Der Leidensweg: Eine Operation im Oktober 2021 im linken Fuß und sieben Monate Pause, dann spielte er, weiter unter Schmerzen, bis September 2022. Ein weiterer, kleinerer Eingriff folgte. "Voriges Jahr habe ich wirklich wenig trainiert.
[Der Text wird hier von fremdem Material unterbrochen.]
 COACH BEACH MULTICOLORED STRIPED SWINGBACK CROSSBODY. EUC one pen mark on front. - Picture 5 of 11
Die Matches habe ich nur mit Schmerzmitteln gespielt und ich bin maximal eineinhalb Stunden auf dem Platz gestanden zwischen den Turnieren", erinnerte sich Ofner in den Katakomben des Court Philippe Chatrier an seine Leidenszeit.

Das Gute an den Schmerzen

Ofner hatte noch bis zum Jänner dieses Jahres Probleme. "Heuer waren da am Anfang des Jahres noch ein paar Sorgen mit der Achillessehne." Die Schmerzen verschwanden: "Es war für mich ganz ungewohnt", erzählt er. Rückblickend sieht "Ofi" aus Bruck an der Mur in der Verletzung auch Gutes. "Mental habe ich durch die Verletzung einen Riesensprung gemacht." Ihm sei bewusst geworden, wie schnell es gehen kann, dass man wieder von vorne anfangen muss. "Das war ein großer Faktor. Mein Spiel war immer schon da, aber jetzt ist im Kopf alles besser beisammen."
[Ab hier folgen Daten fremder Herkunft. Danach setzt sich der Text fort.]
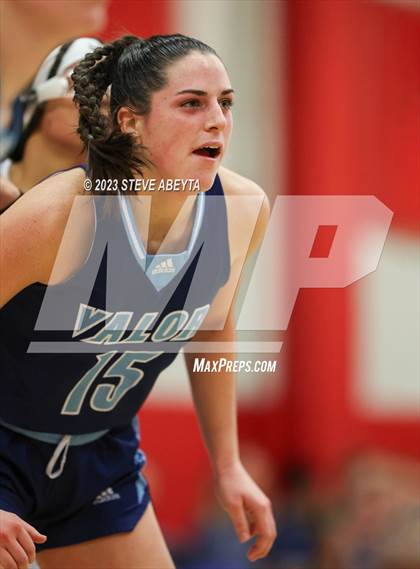 Thumbnail 2 in Valor Christian @ Regis Jesuit photogallery.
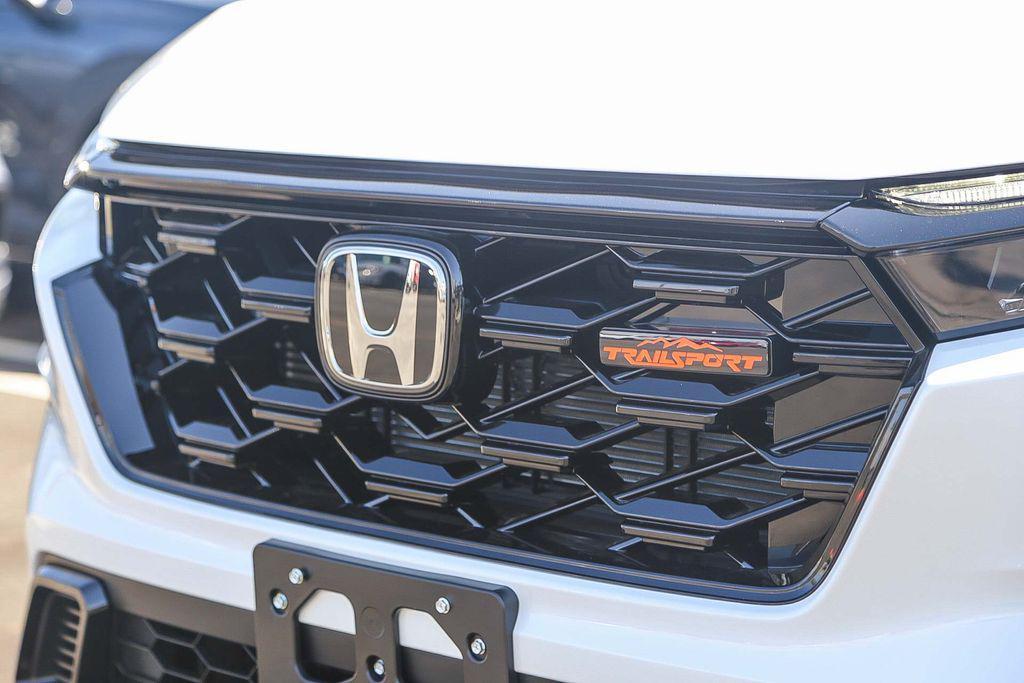 new 2026 Honda CR-V Hybrid car, priced at $40,705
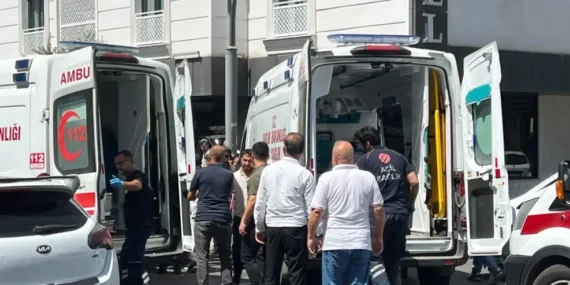 Batman Cumhuriyet Bulvarı’nda kaza: 2 yaralı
Vier Challenger-Finali auf Teneriffa, in Antalya, Zadar und Prag gingen dieses Jahr zwar verloren, doch das Selbstvertrauen schnellte ebenso nach oben wie das Ranking. Von 193 Anfang des Jahres auf 118 vor Paris. Nun dürfte er mit zwei Drei-Satz-Siegen über die US-Amerikaner Maxime Cressy und Sebastian Korda die Top 100 knacken.
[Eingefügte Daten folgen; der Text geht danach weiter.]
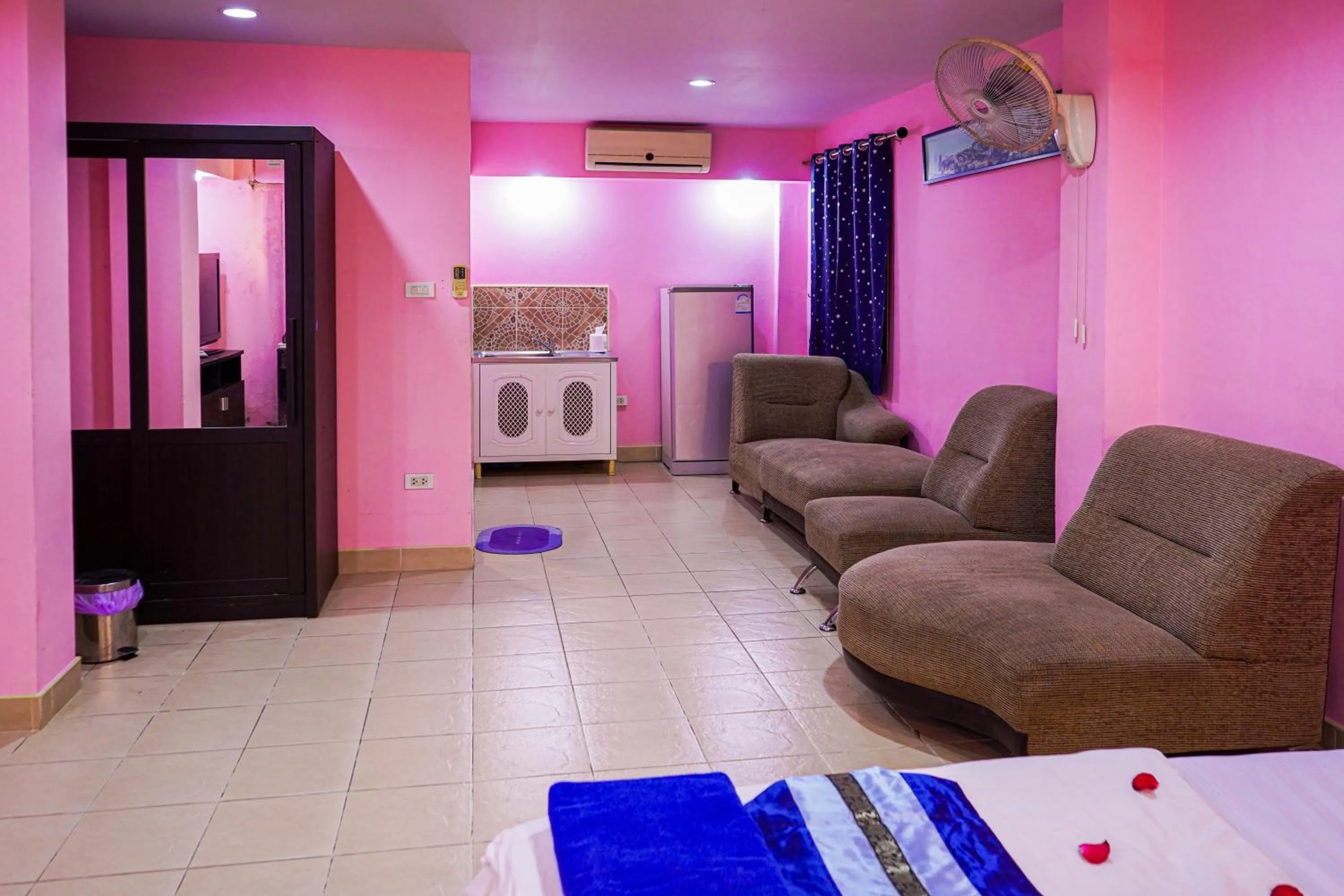 Photo of the whole room in Marine paradise Encore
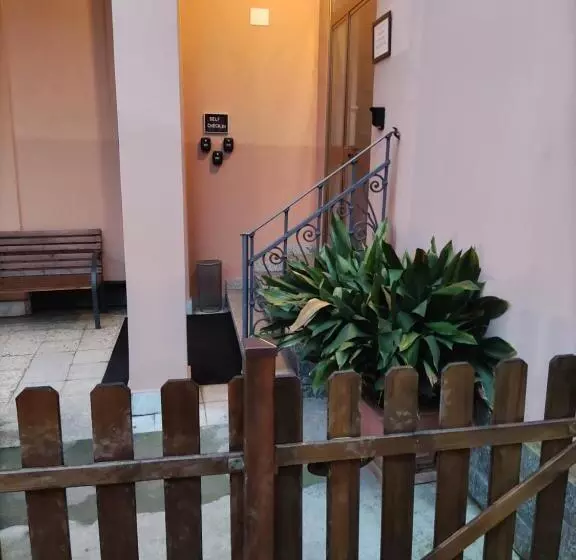 Majatalo Hostal D Annunzio House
"Ich habe gewusst, dass ich gut drauf bin. Generell finde ich, dass mein Spiel auf einem ganz anderen Level ist. Ich habe über die Saison schon ganz gut gezeigt, was ich abrufen kann", sagte der Rechtshänder.

Schon vor sechs Jahren stand er als 21-jähriger Qualifikant sensationell in der dritten Wimbledon-Runde. Das sei damals aber ein Glücksfall gewesen. "Heuer fühlt sich das an, als habe ich es mir wirklich verdient und erarbeitet."

Kein Alter

Und jetzt, mit 27 ("Das ist ja kein Alter"), will er alles versuchen. Und es sieht gut aus. Auf der ATP-Tour (also im Hauptbewerb) hatte er vor Paris nur die Erstrunden-Niederlage gegen Dominic Thiem in Estoril stehen. Doch auf Challenger-Ebene samt Qualifikationen und inklusive Paris hält Ofner bei einer Bilanz von insgesamt 36 Siegen bei 15 Niederlagen.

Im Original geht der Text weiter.